Bill Agee's blog

🤔 Reflections on test infrastructure, with a twist of user empathy.

Switching from Octopress to Pelican

Or: What we blog about when we blog about blogs

🐙 ➡️ 🐍

This post is the story of how I switched the underlying framework for this blog from Octopress to Pelican.

And I added a side quest: Like many Octopress users, I grew fond of the default Octopress theme, and wanted to keep it after moving to Pelican.

Keeping the Octopress theme turned out to be easy; the pelican-octopress-theme github repo was what I needed:

And for other tips, Google revealed blog posts from other folks who made the Octopress-to-Pelican switch over the years.
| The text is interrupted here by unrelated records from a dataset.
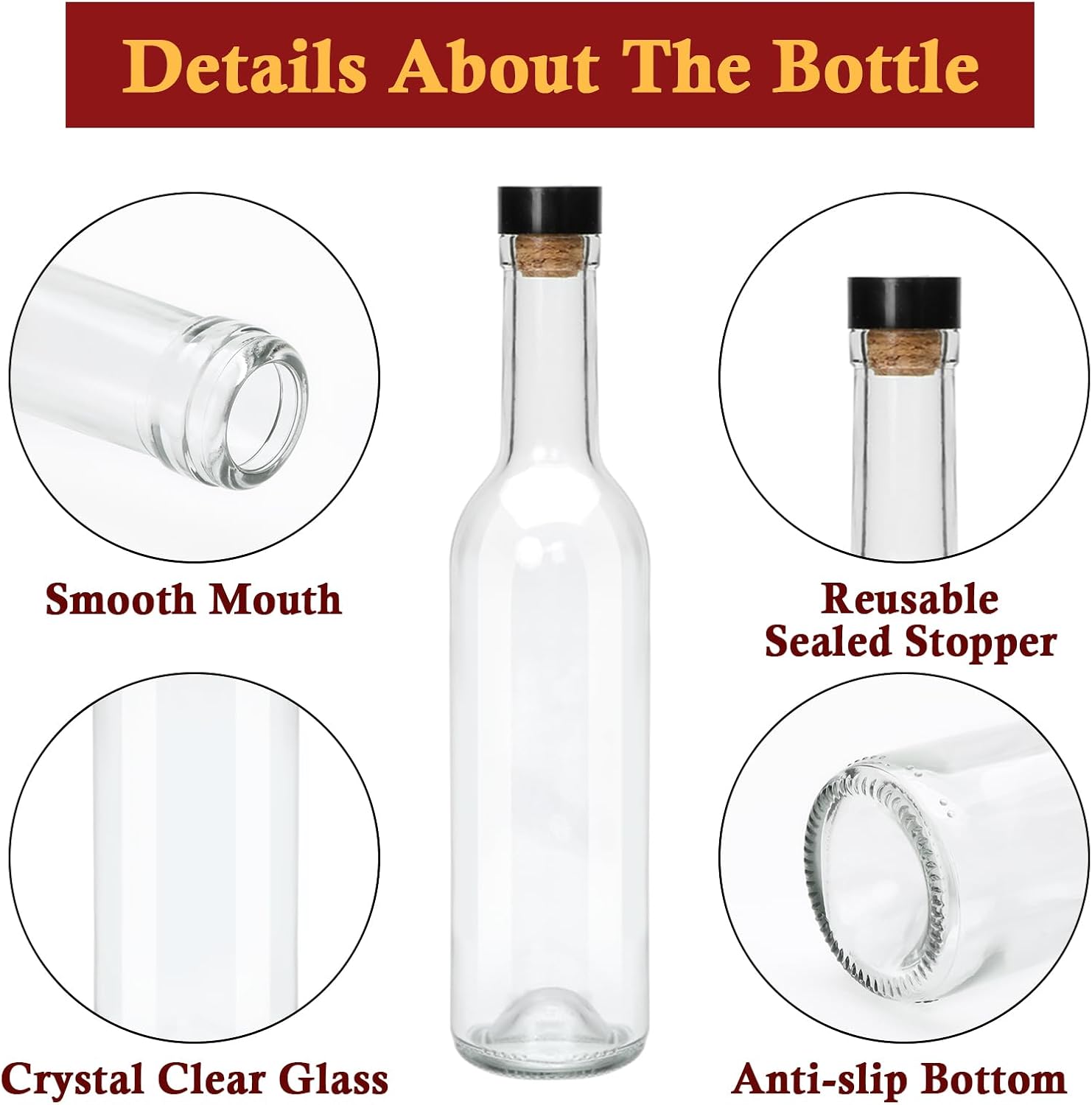 12 Pack 12oz Glass Bottles with Cork Lids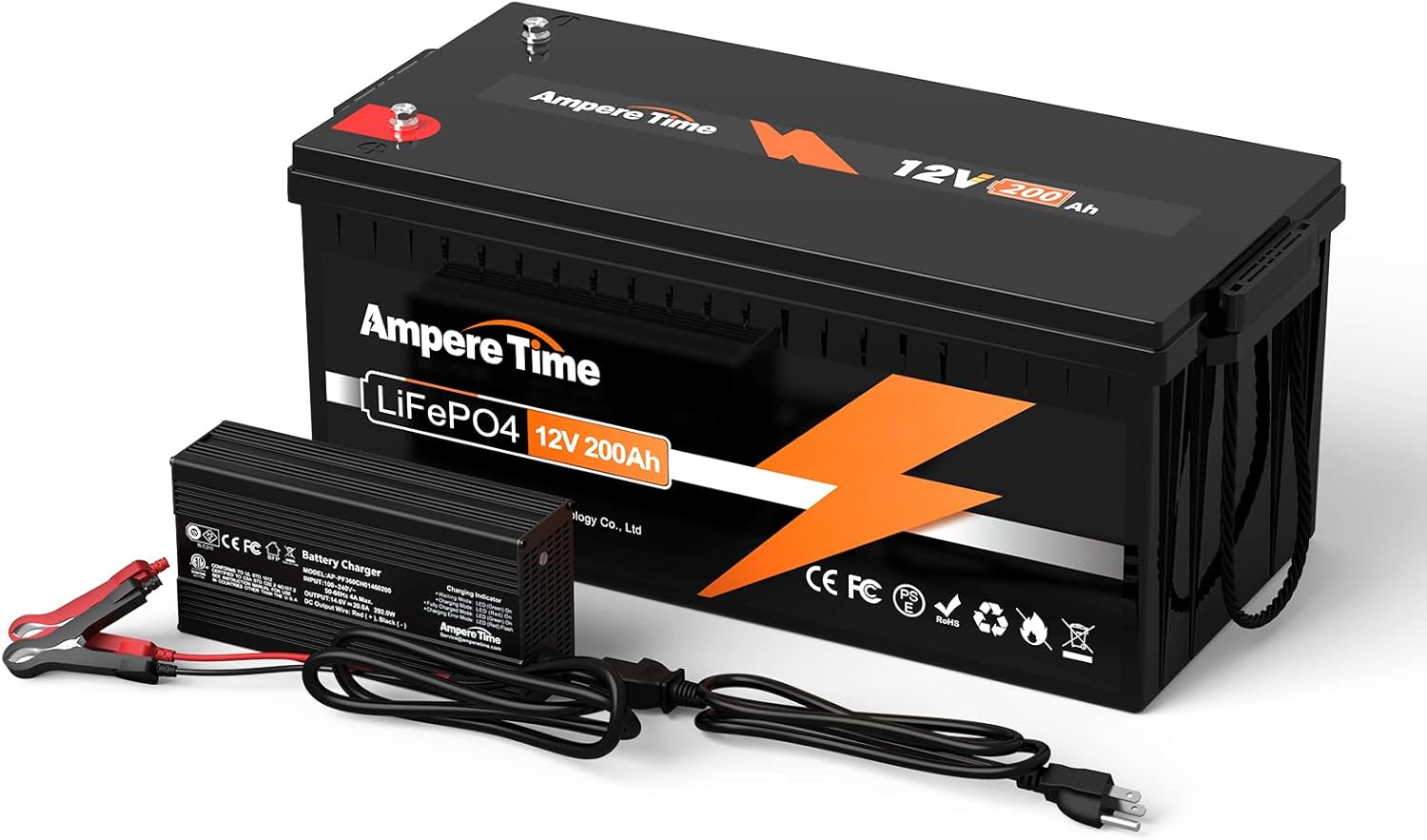 Ampere Time 12V 200Ah LiFePO4 Battery with 100A BMS and Charger W77428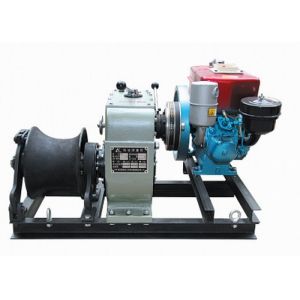 3 Ton Portable Cable Winch Puller With Diesel Engine 4HP In Power Line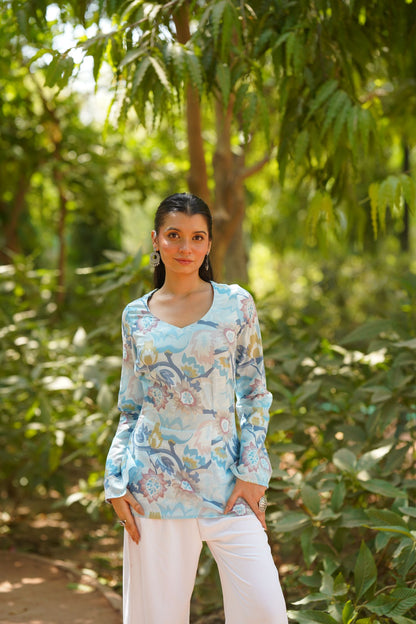 Sky Blue Floral Print Bell Sleeve Kurti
Trip reports I referred to were:

The plan

First off, after reading the docs, I wrote down the steps I assumed would be involved with the move; here they are:

  1. Create and activate a virtualenv, then use pip to install pelican
  2. Use the pelican-quickstart util to set up a barebones Pelican blog, as a starting point for the move
  3. Get used to launching a dev server to preview changes
  4. Apply the pelican-octopress-theme to the barebones blog
  5. Bring my old blog's CSS and sidebar customizations into pelican-octopress-theme
  6. Create a public github repo containing the work so far
  7. Copy the old Markdown post files and images from my Octopress dir to my pelican repo
  8. Edit posts as needed to get them to display properly
  9. Back up the contents of my existing blog's s3 bucket (for easy rollback if the first deploy doesn't go smoothly)
  10. Publish the new files to s3!

The reality

Based on the outline above, here's what actually happened when I started carrying out the plan:

  1. Installing pelican

    For this step I set up a new virtualenv and installed the pelican and markdown packages:

    mkdir blog.likewise.org
    cd blog.likewise.org/
    virtualenv env
    . env/bin/activate
    pip install pelican markdown
    

    For the record, I was using OS X, Python 2.7.12 from Macports, and Pelican 3.6.3.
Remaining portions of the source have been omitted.